Monday 26 March 2012

Passiontide & The Angelus Magazine

We entered Passiontide with the Mass of the fifth Sunday of Lent singing the Lenten Prose once more together with a couple of Passiontide hymns from the English Hymnal: O Sacred Head surrounded  &  O Dearest Lord thy sacred head (Fr Andrew SDC).

We are also sending out copies of the next edition of our local Ordinariate Magazine. If anyone would like us to send them a copy please let me know. I can send them in pdf format by email, or paper via royal mail.

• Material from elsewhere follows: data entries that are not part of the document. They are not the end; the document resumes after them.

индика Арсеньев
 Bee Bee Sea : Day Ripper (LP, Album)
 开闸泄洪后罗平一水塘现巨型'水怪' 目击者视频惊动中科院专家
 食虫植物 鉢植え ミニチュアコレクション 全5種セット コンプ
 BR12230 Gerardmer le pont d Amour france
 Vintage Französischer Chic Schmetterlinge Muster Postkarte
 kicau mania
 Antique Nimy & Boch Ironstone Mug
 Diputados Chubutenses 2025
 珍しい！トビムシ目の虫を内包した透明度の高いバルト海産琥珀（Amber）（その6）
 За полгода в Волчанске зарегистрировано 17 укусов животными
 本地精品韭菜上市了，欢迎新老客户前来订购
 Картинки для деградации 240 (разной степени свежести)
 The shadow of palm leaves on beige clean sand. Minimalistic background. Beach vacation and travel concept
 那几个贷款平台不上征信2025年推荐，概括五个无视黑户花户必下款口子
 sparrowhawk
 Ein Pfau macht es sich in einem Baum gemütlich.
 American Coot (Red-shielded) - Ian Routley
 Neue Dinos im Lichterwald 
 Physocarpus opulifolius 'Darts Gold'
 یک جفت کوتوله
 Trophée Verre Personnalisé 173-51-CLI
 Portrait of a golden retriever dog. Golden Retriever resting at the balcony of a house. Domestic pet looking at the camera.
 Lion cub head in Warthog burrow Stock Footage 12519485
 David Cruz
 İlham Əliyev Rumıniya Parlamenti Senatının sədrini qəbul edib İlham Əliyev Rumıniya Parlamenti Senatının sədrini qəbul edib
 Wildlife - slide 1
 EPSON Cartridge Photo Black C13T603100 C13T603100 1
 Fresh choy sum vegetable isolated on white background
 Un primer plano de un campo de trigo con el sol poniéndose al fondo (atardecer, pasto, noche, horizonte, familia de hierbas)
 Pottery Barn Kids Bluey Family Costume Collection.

Thoughts on Passion Sunday:

Our gospel reading is filled with poignancy and gravity. There is so much all happening at once.
      So first of all some Greek-speaking non-Jews come to Philip asking to speak to Jesus. These were those who were converted to Judaism from paganism. Now they here about Jesus and want to speak to Him. It is a poignant moment for Jesus because so far it is to the Jews that He brings the message of the Kingdom of God, but He now announces that salvation is to come to all people. And so He announces that His Kingdom is to be extended to all (not just to Jews):
 ..and I, when I am lifted up from the earth, will draw all men to myself...
But this announcement is not just a simple message. Because embedded in Christ's announcement comes a message from heaven. Before this, Christ has revealed the way in which we bear fruit for the Kingdom of God. And very conscious of what this is going to mean for Him, He says that we must die for the Kingdom of God. “Unless the grain of wheat falls to the earth and dies, it remains alone; but if it dies, it produces much fruit.”
    Jesus will die and the universal (catholic) church will be born. Jesus allows His lifeless body to be laid in the tomb, in the earth, then in rising from death His same body rises, glorified, and through His glorified body He will communicate to His followers His resurrected life.
     The law for all life is that for it to be fruitful there must be a dying. It is easy to speak about dying when it is far from coming true – it is very different speaking about it when you know it is around the corner. Jesus knows it is coming. Following Christ is a path of discipleship that must include dying in order to bear fruit. Jesus makes it quite clear, and we cannot escape it. Any form of Christianity that does not acknowledge that being a disciple includes much pain and suffering, a dying to self, is no real Christianity at all!
     Jesus teaches it but knows the reality too and He expresses His anguish of soul, exclaiming to the Father - “Father glorify your Name!”  He offers His anguish to God, and for it all to glorify the Father. And then reality impinges in that very moment and some hear a voice, or a noise, or a thunder. For Christ it is the voice of the Father, “I have glorified it and I will glorify it again.”
    Jesus then goes on to say that sentence is now being passed on the world. What does He mean? Well what can we say about a world that responds to the man who is good in every way, who always speaks the truth, who has healed and forgiven sins – what do we say about that world if it decides the best thing to do is to crucify that man? This is the judgement of the world. Despite what sometimes passed from their lips, the world opposed God in reality. When God became flesh, the world tried to do away with Him, tried to extinguish God.
     As followers of Christ we too must face the world and know that it will oppose God, and also us if we stand up for God. As the world crucified Jesus, so the ungodly world will also try to eradicate His followers. We have to face this reality. If we stand up for marriage as Jesus taught it, then the world will very likely oppose us. If we stand up for the sanctity of life in the womb, then the world will very likely oppose us. If we stand up for the sanctity of life of the dying, then the world will very likely oppose us. And the more we stand up for the Kingdom of God, the more the world will try to undermine us and do away with us. We are disciples of Jesus who despite all the signs He performed, despite all the people He healed, despite all the profound teaching He gave, became the most unpopular of people whose own disciples disowned Him.
     If the Catholic Faith is not to die out in Western Europe, Catholics have to be prepared to stand up for Christ and proclaim their faith in Him and the truth He taught, and that will make us unpopular and inconvenient. We need to get used to this. Our job is not to be popular, but to be truthful. The society in which we live is moving away further and further from God and the truth, and that means we need to be prepared to walk the way of the cross, and to realise that “unless a grain of wheat falls to the earth and dies, it remains alone; but if it dies, it produces much fruit.”